Сделка не состоялась.
Я спросил старика: почему он выдвинул такое сумасшедшее условие?
– Я хотел спасти экономику своей Родины, – сказал старик. <…>
– И чем кончилась эта история со спасением России?
– Через пару дней я пошел встречать из университета свою жену. В нашем дворе на Васильевском острове подошли трое. Один из них, и слова не говоря, ударил меня ногой в переносицу.
– Бабка кончилась, сматываемся, – услышал он.
Старик попал в больницу с сотрясением мозга, „скорая” не хотела брать, думала, что пьян. Этот случай он напрямую связывает с отказом продать проект заокеанским друзьям.
– Мой парк будет построен здесь, в России, – говорит старик. – Рано или поздно эта идея будет востребована, потому что нигде в мире ничего подобного нет. И вряд ли кто-нибудь может придумать что-либо в этом роде».

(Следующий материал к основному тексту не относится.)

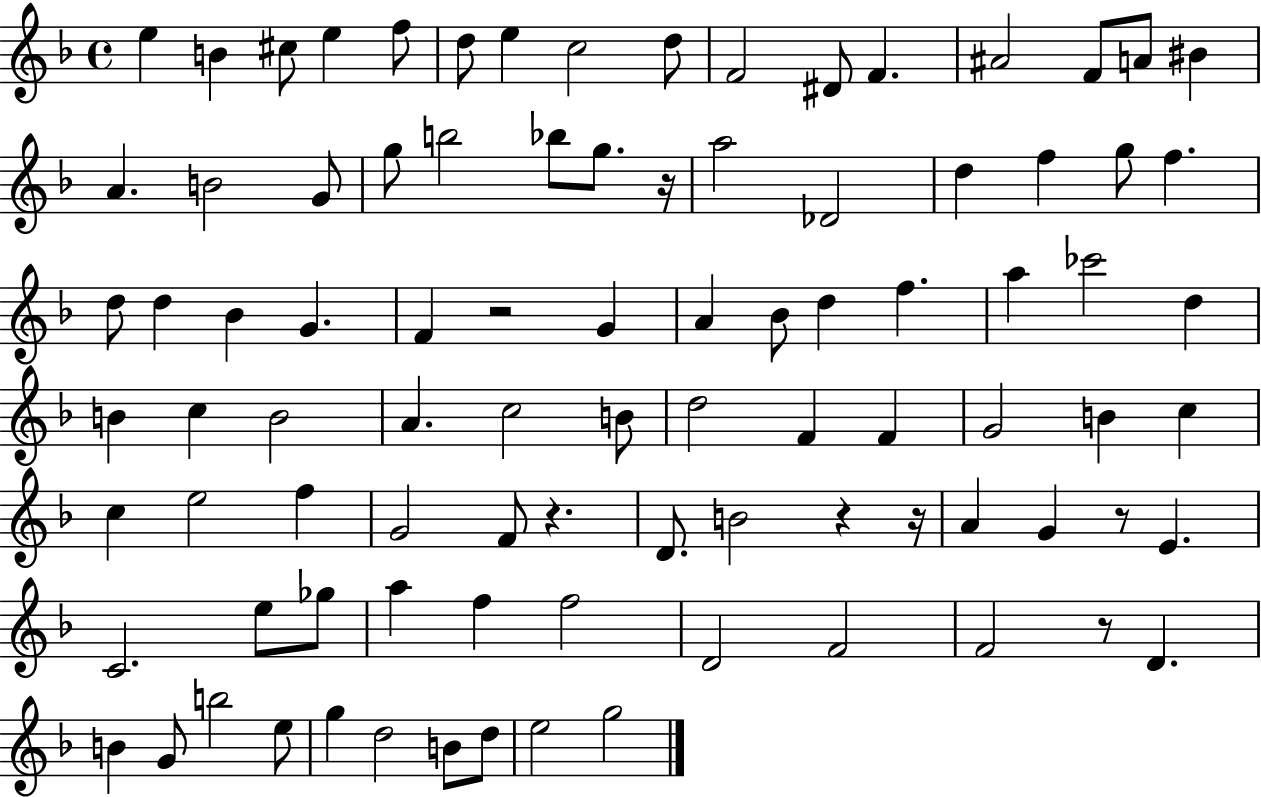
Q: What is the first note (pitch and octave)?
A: E5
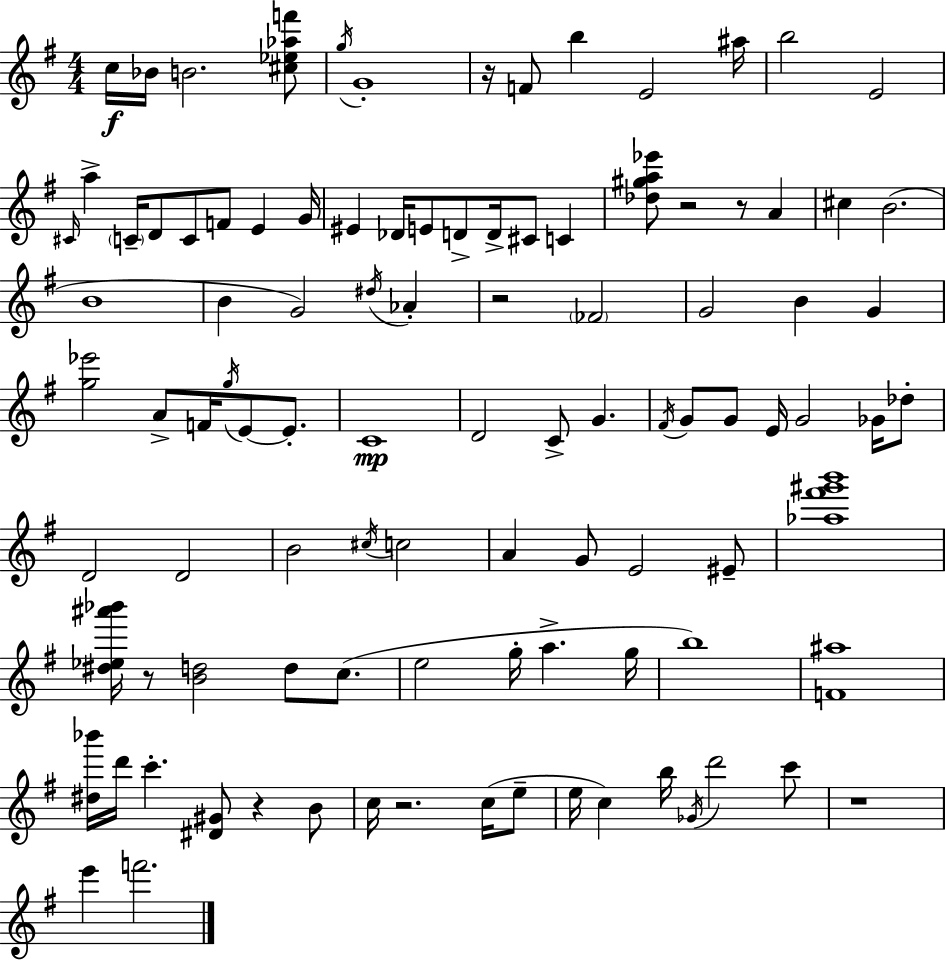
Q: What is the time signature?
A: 4/4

Длинная цитата дана для того, чтобы, во-первых, вы увидели, как работал Крикунов со словом. Он был одним из немногих в современной российской литературе писателей, кто обладал вымирающим ныне даром описания. Описывать не надо, потому что можно дать картинку, фотографию. Вот писатели и разучились писать зримо. А Крикунов был старомоден. Он был репортером старой школы. Минимум слов (в газете места немного) – и вы увидели: зиму на Университетской набережной, странного старика в летних штиблетах и его коробку с городом-садом. Во-вторых, надо было, чтобы стали виднее, очевиднее любимые крикуновские герои. Странные, ни на кого не похожие, выламывающиеся из обычного мира фрики, психи, гении, признанные и непризнанные, герои, таланты и поэты. В-третьих (это надо было бы поставить во-первых), стоило подчеркнуть розановскую, нелепую черту – вывернутый наизнанку патриотизм, позволяющий верить самым нелепым версиям. Господи, да вот прямо-таки в девяностые годы американцы на парашютах к нам сбрасывали хулиганье, избивающее стариков в парадных. Не дал архитектор Пионтек им проект своего города-сада, так вот же ему! Не дал Пионтек, так они у австрийца Хундертвассера подобный проект купят.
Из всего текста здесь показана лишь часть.